Il lui a fallu laisser filer le temps et cheminer la vie pour qu’elle retrouve et qu’elle comprenne ce que la mémoire avait caché, troublé, ou tenté d’oublier. Proust a fait de ce travail une œuvre ; Hélène Waysbord s’empare de cette œuvre comme caisse de résonance de sa propre recherche : elle lui révélera l’image de cette mémoire, dans son acception photographique.
L’évocation de La Chambre claire de Roland Barthes vient ici en contrepoint de celle de la tante Léonie, véritable poste d’observation, celui d’un guetteur immobile, malade plus ou moins imaginaire d’un Molière malgré lui, qui regarde par la fenêtre les moindres mouvements de la vie du village. Chambre plus modeste que celle de l’illustre malade qui écrivit la Recherche jusqu’à son dernier souffle d’asthmatique, la chambre de Léonie est le premier des postes d’observation qu’Hélène Waysbord explore.
Dans le texte de Proust. Il y aura ensuite le jeune narrateur de la Recherche qui observe, dissimulé, les relations et les conversations chez les Vinteuil, puis, devenu adulte, les préliminaires du ballet feutré entre Charlus et Jupien. Il ne s’agit pas chez Proust d’espionnage intentionnel, plutôt d’une observation – presque fortuite – qui catalyse et qui éclaire les situations.

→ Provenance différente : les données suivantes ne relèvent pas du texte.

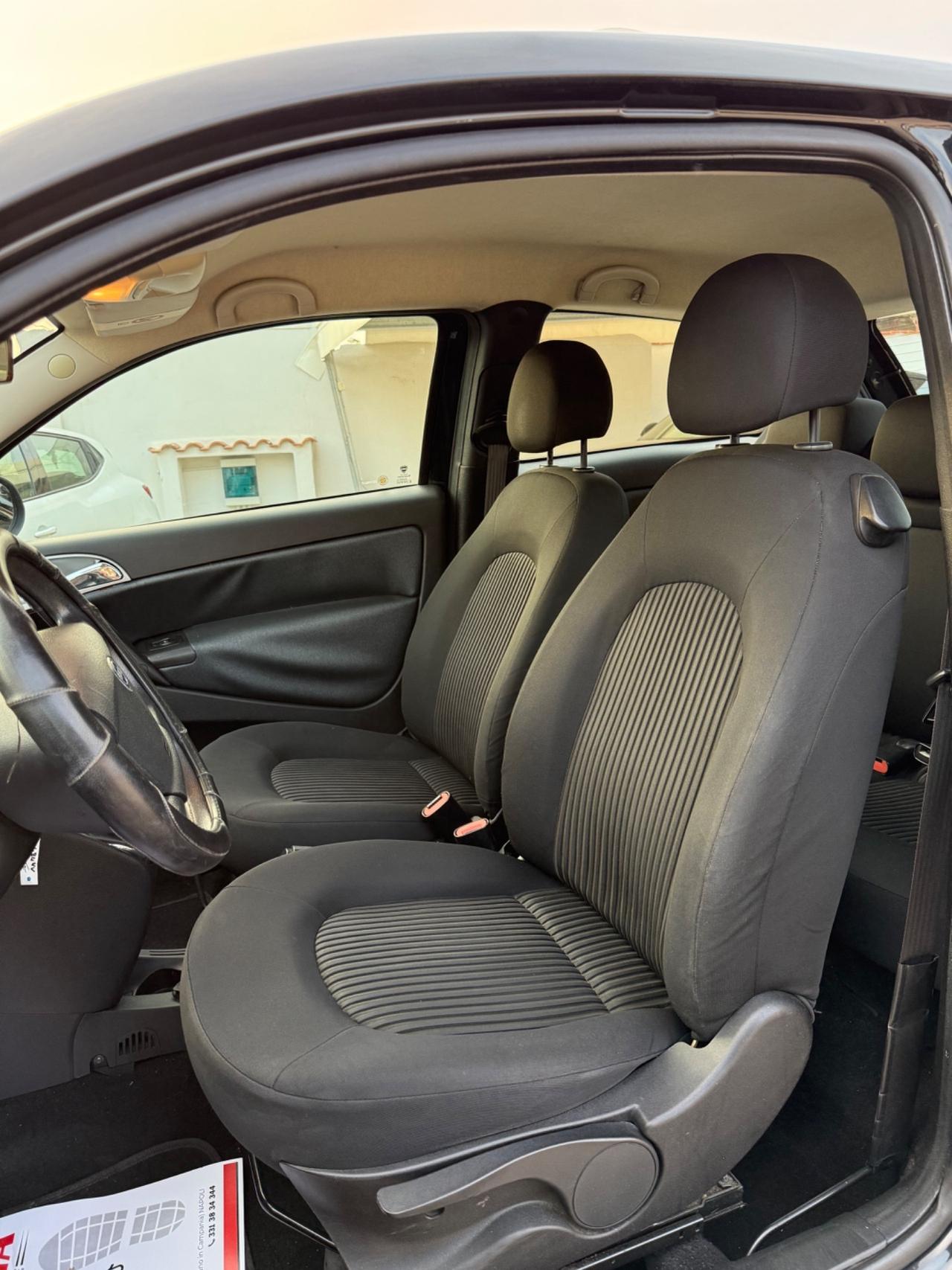 Lancia Ypsilon 1.2 69 CV Diva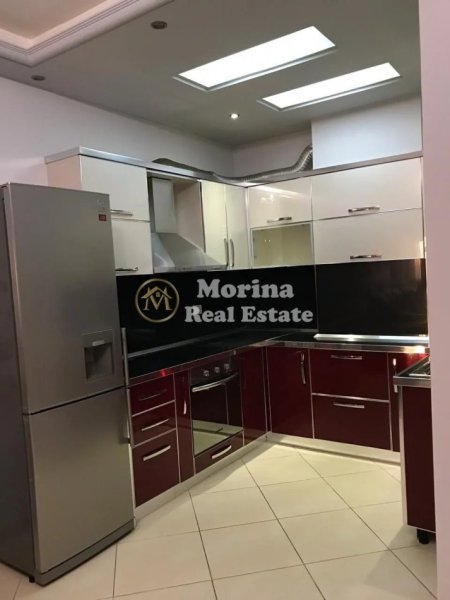 Tirane, jepet me qera apartament 1+1+Ballkon Kati 7, 67 m² 420 € (Yzberisht)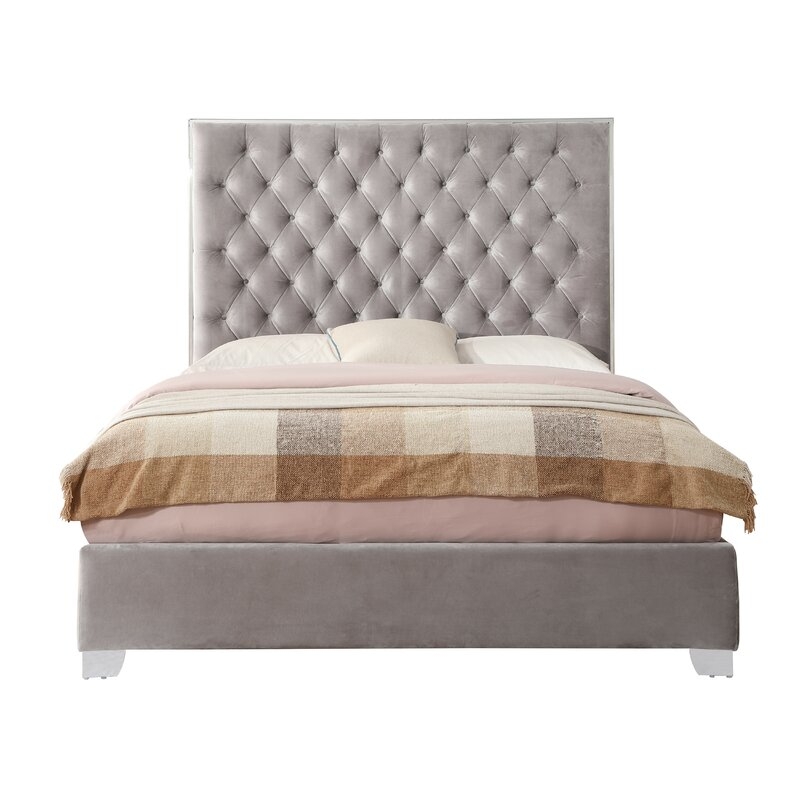 Lollie Tufted Low Profile Standard Bed - Image 2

Celles qui sont évoquées dans la Recherche, Hélène Waysbord les fait résonner dans La Chambre de Léonie avec celles de la narratrice – si proche de l’autrice – au fil des événements qui ont jalonné son existence ; avec humilité et admiration pour l’entreprise de Proust. Cela lui permet de les mettre en lumière (de les révéler, dirait le photographe), de les mieux comprendre et, au bout de l’écriture, de les accepter. Car il est difficile de reconstruire sa mémoire après l’arrachement de l’enfant aux parents raflés, quand la souffrance se mêle à l’incompréhension et à l’effacement. Le tête-à-tête avec soi-même qu’est l’écriture permet ici d’y parvenir, dans une langue travaillée sur les côtes normandes, parfois du côté de chez Swann, d’autres fois à l’ombre des jeunes filles en fleurs.
Dominique Panchèvre
Mots choisis
« La chambre, lieu du sommeil et du rêve, d’une libération de l’imaginaire, devient le lieu de la création littéraire. S’y développe une exploration fantastique, un monde total. »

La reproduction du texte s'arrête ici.